Es en este contexto que el fenómeno Donald Trump puede entenderse mejor. En su campaña electoral, el candidato republicano arremetió contra los esquemas de integración comercial donde participa Estados Unidos amenazando con revisarlos o cancelarlos. También advirtió de un posible retiro del país de La Organización Mundial del Comercio.

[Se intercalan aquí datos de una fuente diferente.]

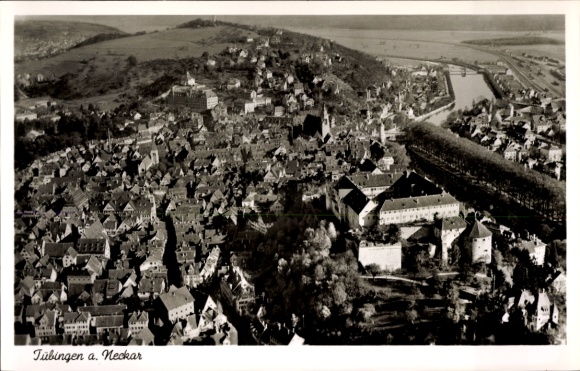Ak Tübingen am Neckar, Luftaufnahme von  Neckar, Altstadt, Architektur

Con ello intentó atraer el voto de los ciudadanos estadounidenses quienes están seguros de que la globalización favorece la producción y el empleo en otras naciones arrebatándoles con ello el “sueño americano”. Uno de sus primeros actos de gobierno, ha señalado más recientemente, será el retiro de su país del Acuerdo Transpacífico, “un desastre potencial para Estados Unidos”. “América primero” “el americanismo, no el globalismo será nuestro credo” “Soy un apasionado de la idea de que nuestro país sea grande de nuevo” son frases que el magnate remachó día tras día de su jornada proselitista en busca de la presidencia. Este discurso proteccionista puede ser un buen ejemplo de una de otra de las tesis de Wilson: “el populismo no es una agenda sino un impulso renuente de autodefensa”.

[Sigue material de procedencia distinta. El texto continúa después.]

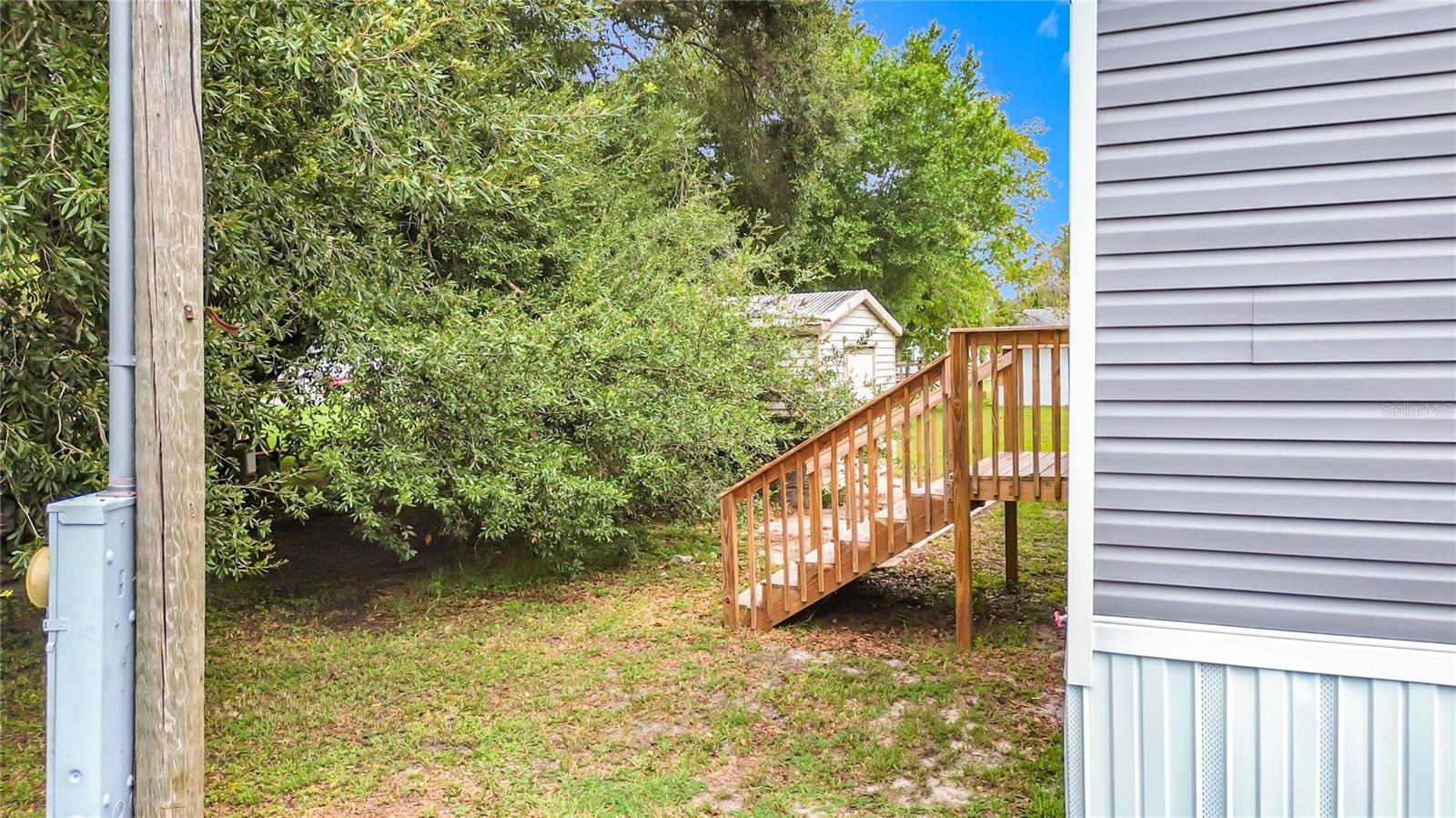 1626 Tarpon Blvd Property Photo 33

Pero la postura proteccionista del recién electo presidente, se afinca en un reconcentrado nacionalismo que tiene como concomitancia una repugnante xenofobia. Aquí también se manifiesta el desprecio por la complejidad. Si algo distingue el recorrido de los Estados Unidos como nación, es precisamente la cohabitación y el entremezclado de diferentes culturas en su seno, gracias a las distintas corrientes migratorias responsables de su fraguado histórico. El mismo Trump, cuyo abuelo era alemán, es hijo de esos flujos. También lo son sus dos últimas esposas, madres de sus vástagos. La frase “Soy apasionado de la aspiración de que nuestro país sea grande de nuevo” exige, al parecer de Trump, despojarse de todo aquello que impide este sueño: integración de mercados, modelos de cooperación internacional, inmigración. Un Estados Unidos aislacionista, sin embargo, no parece viable en estos tiempos de interconexiones exacerbadas. Está por verse, no obstante, su desempeño en la Casa Blanca a partir de enero. Solo así podremos constatar si el nuevo presidente es apenas un ejemplar más del pseudopopulismo o si, por el contrario, será capaz de ganarle la partida a la historia y a la institucionalidad de la primera potencia del mundo en el intento por cumplir la oferta idílica populista de recuperar un tiempo ido a partir de su autoritaria voluntad.